Only in Gilligan v. Morgan, 413 U.S. 1 (1973), has the Supreme Court in recent years invoked the doctrine, and that case is hardly relevant here. In Gilligan the Court considered a challenge to the training of the Ohio National Guard. The Court found that the area of military training was beyond the competence of the judiciary to evaluate. Id. at 10-11.

In Baker v. Carr, 369 U.S. 186, 217 (1962), the Supreme Court found that cases held to raise a political question involved at least one of the following formulations: “a textually demonstrable constitutional commitment of the issue to a coordinate political department; or a lack of judicially discoverable and manageable standards for resolving it; or the impossibility of deciding without an initial policy determination of a kind clearly for nonjudicial discretion; or the impossibility of a court’s undertaking independent resolution without expressing lack of the respect due coordinate branches of government; or an unusual need for unquestioning adherence to a political decision already made; or the potentiality of embarrassment from multifarious pronouncements by various departments on one question.”

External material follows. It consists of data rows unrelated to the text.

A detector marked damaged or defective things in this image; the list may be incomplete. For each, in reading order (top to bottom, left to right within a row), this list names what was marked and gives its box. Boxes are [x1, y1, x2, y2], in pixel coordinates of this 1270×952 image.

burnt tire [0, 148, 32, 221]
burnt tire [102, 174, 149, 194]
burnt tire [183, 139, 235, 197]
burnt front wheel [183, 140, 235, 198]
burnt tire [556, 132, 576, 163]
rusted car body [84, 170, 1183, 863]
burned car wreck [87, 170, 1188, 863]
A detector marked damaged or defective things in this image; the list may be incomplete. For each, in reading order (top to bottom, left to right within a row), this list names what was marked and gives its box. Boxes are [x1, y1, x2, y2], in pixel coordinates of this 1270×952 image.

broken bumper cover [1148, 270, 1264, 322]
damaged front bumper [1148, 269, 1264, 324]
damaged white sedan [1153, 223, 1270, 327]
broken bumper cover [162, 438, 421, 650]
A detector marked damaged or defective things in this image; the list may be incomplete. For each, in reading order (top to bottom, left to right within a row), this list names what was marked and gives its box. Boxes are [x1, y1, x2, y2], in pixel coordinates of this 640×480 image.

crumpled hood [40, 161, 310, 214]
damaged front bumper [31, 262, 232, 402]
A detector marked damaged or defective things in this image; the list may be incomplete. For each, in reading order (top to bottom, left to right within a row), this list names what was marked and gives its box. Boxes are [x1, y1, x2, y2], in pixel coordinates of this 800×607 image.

See Henkin, Is There a “Political Question” Doctrine?, 85 Yale L.J. 597, 597-617 (1976).

The political question doctrine is akin to the law of standing in being a prudential doctrine which allows the “federal courts to define their own limitations.” L. Tribe, American Constitutional Law § 3-16, at 79 (1978). And like the political question doctrine, the Federal law of standing has not been incorporated into our jurisprudence. See Sears v. Treasurer & Receiver Gen., 327 Mass. 310, 314-315 (1951).

The difficulty with the court’s opinion is its failure to undertake a careful consideration of the scope of discretionary power accorded the Legislature and the Chief Executive. Instead, the court simply concludes that the Constitution was not violated.